A Word of Grace – December 23, 2013

Monday Grace

Dear Friends,

In those days a decree went out from Emperor Augustus that all the world should be registered. This was the first registration and was taken while Quirinius was governor of Syria. All went to their own towns to be registered. Joseph also went from the town of Nazareth in Galilee to Judea, to the city of David called Bethlehem, because he was descended from the house and family of David. He went to be registered with Mary, to whom he was engaged and who was expecting a child. While they were there, the time came for her to deliver her child. And she gave birth to her firstborn son and wrapped him in bands of cloth, and laid him in a manger, because there was no place for them in the inn (Luke 2:1-7).

There are a lot of complicated things going on in these seven verses of the Gospel of Luke — government mandates, imperial power, travel, relationships, tradition, deadlines, and healthcare challenges.

Yet, the first thing Jesus does when he arrives on the scene is eat and sleep. That’s what babies do, but the Son of God? Times are tough. The world’s a mess. Why doesn’t he straighten things out? Doesn’t God understand?
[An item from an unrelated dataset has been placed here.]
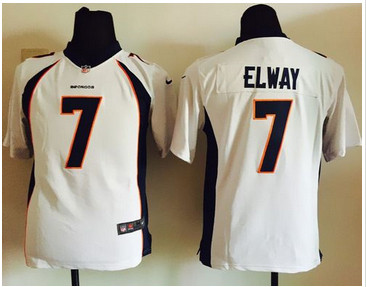 Youth Nike Broncos #7 John Elway White Stitched NFL New Elite Jersey
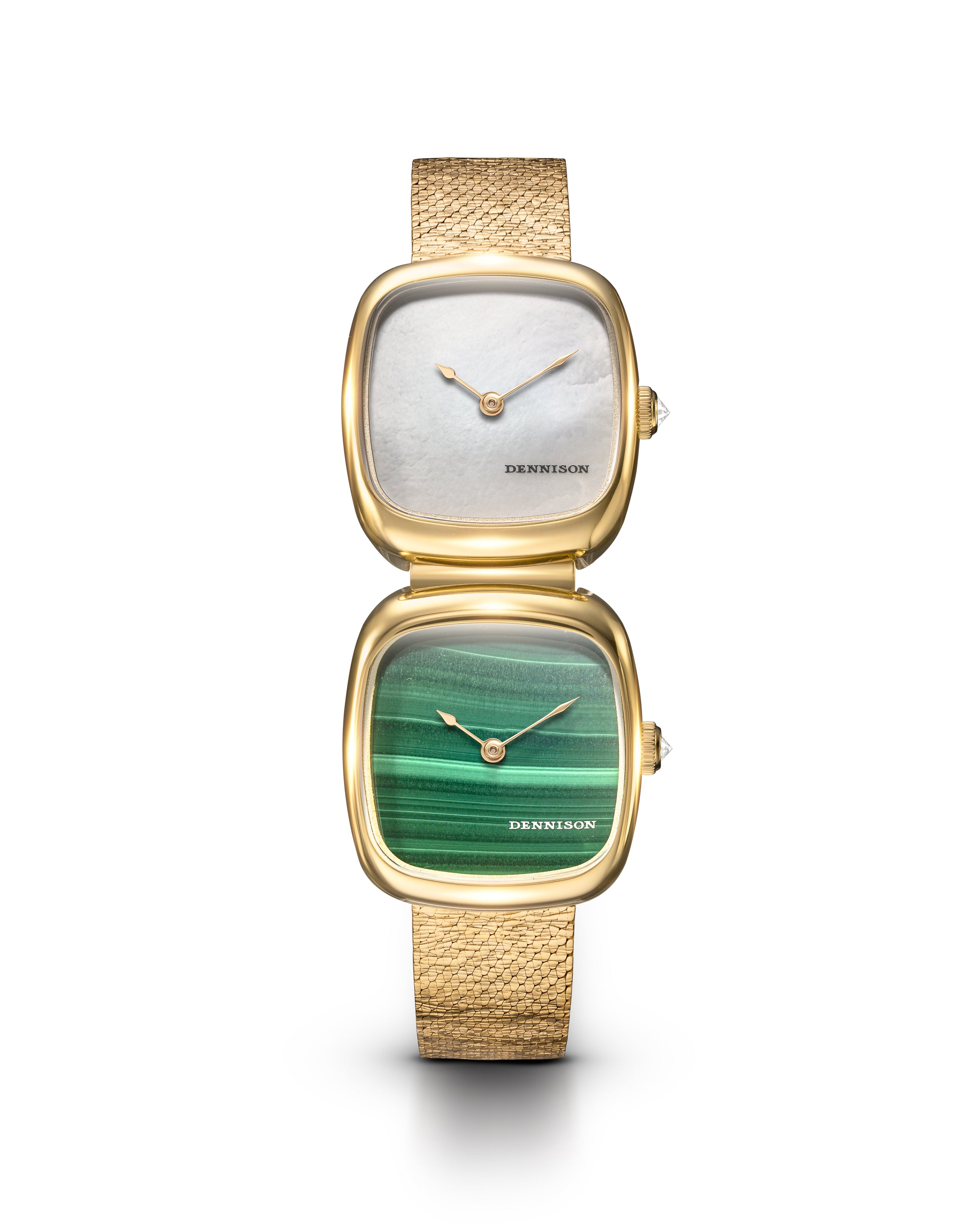 Dennison Dual Time Mini – White MOP & Malachite — White MOP & Malachite In Gold White Dial Straps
Doesn’t God care?

The way that the Christ-child enters the world is a harsh judgment on our agendas and concerns.

We worry about occupancy rates and return on investment in the inn. He says, “A stable will do.”

We are aggravated about healthcare. He says, “Eating and sleeping right are the basics.”

We complain about the expanding powers of government. He says, “The family–mother, father and child is where I begin.”

We are anxious about what we don’t know. He demonstrates a capacity for growth that leads to maturity, not sophistication (Luke 2:52).

He doesn’t negotiate with kings from the east. He receives their worship.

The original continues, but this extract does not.